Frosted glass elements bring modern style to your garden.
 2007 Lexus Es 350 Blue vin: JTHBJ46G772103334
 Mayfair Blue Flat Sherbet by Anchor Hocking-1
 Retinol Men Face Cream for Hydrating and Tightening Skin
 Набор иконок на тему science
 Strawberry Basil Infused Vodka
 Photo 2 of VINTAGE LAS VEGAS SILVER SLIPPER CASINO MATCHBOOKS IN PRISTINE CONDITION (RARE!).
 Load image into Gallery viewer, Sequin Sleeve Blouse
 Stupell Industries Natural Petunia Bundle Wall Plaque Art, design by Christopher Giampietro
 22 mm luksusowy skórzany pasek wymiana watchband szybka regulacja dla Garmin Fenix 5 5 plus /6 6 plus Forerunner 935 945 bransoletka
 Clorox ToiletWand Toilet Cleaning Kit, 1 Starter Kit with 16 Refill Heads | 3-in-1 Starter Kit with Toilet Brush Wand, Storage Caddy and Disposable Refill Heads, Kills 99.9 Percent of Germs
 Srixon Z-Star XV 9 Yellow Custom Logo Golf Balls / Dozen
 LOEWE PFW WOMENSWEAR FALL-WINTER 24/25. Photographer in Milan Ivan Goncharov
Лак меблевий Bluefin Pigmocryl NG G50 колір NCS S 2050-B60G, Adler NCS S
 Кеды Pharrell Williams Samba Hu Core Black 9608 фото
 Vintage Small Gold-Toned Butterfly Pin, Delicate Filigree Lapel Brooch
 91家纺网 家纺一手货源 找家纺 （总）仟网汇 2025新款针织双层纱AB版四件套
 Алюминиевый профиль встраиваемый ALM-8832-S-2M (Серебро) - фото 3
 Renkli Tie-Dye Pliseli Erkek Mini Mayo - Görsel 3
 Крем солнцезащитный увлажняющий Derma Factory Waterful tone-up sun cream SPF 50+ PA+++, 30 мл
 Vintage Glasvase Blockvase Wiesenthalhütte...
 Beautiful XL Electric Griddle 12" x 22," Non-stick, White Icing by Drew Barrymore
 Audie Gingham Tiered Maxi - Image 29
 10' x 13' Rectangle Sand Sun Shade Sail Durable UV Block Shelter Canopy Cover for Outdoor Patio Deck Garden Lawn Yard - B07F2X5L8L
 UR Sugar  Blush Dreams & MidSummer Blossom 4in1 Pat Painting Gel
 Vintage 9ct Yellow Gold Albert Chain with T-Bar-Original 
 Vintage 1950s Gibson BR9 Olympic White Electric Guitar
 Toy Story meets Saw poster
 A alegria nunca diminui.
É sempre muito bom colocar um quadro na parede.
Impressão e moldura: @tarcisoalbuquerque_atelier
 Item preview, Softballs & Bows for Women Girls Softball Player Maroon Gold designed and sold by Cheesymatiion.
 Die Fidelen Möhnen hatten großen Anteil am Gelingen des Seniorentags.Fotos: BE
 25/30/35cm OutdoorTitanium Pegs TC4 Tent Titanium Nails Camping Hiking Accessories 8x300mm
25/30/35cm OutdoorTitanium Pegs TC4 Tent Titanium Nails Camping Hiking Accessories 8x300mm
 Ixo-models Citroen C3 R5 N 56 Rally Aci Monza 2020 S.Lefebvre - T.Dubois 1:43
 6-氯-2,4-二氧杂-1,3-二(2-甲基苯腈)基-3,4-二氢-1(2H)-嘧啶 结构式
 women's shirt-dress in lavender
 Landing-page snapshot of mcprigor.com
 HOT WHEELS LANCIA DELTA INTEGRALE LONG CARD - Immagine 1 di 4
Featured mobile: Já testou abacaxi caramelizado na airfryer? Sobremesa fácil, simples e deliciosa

Task statement:
Set down, exactly as written, each line of the data from its opening line through the one containing "Impressão e moldura: @tarcisoalbuquerque_atelier". Output nothing more.

Answer to this problem:
Frosted glass elements bring modern style to your garden.
 2007 Lexus Es 350 Blue vin: JTHBJ46G772103334
 Mayfair Blue Flat Sherbet by Anchor Hocking-1
 Retinol Men Face Cream for Hydrating and Tightening Skin
 Набор иконок на тему science
 Strawberry Basil Infused Vodka
 Photo 2 of VINTAGE LAS VEGAS SILVER SLIPPER CASINO MATCHBOOKS IN PRISTINE CONDITION (RARE!).
 Load image into Gallery viewer, Sequin Sleeve Blouse
 Stupell Industries Natural Petunia Bundle Wall Plaque Art, design by Christopher Giampietro
 22 mm luksusowy skórzany pasek wymiana watchband szybka regulacja dla Garmin Fenix 5 5 plus /6 6 plus Forerunner 935 945 bransoletka
 Clorox ToiletWand Toilet Cleaning Kit, 1 Starter Kit with 16 Refill Heads | 3-in-1 Starter Kit with Toilet Brush Wand, Storage Caddy and Disposable Refill Heads, Kills 99.9 Percent of Germs
 Srixon Z-Star XV 9 Yellow Custom Logo Golf Balls / Dozen
 LOEWE PFW WOMENSWEAR FALL-WINTER 24/25. Photographer in Milan Ivan Goncharov
Лак меблевий Bluefin Pigmocryl NG G50 колір NCS S 2050-B60G, Adler NCS S
 Кеды Pharrell Williams Samba Hu Core Black 9608 фото
 Vintage Small Gold-Toned Butterfly Pin, Delicate Filigree Lapel Brooch
 91家纺网 家纺一手货源 找家纺 （总）仟网汇 2025新款针织双层纱AB版四件套
 Алюминиевый профиль встраиваемый ALM-8832-S-2M (Серебро) - фото 3
 Renkli Tie-Dye Pliseli Erkek Mini Mayo - Görsel 3
 Крем солнцезащитный увлажняющий Derma Factory Waterful tone-up sun cream SPF 50+ PA+++, 30 мл
 Vintage Glasvase Blockvase Wiesenthalhütte...
 Beautiful XL Electric Griddle 12" x 22," Non-stick, White Icing by Drew Barrymore
 Audie Gingham Tiered Maxi - Image 29
 10' x 13' Rectangle Sand Sun Shade Sail Durable UV Block Shelter Canopy Cover for Outdoor Patio Deck Garden Lawn Yard - B07F2X5L8L
 UR Sugar  Blush Dreams & MidSummer Blossom 4in1 Pat Painting Gel
 Vintage 9ct Yellow Gold Albert Chain with T-Bar-Original 
 Vintage 1950s Gibson BR9 Olympic White Electric Guitar
 Toy Story meets Saw poster
 A alegria nunca diminui.
É sempre muito bom colocar um quadro na parede.
Impressão e moldura: @tarcisoalbuquerque_atelier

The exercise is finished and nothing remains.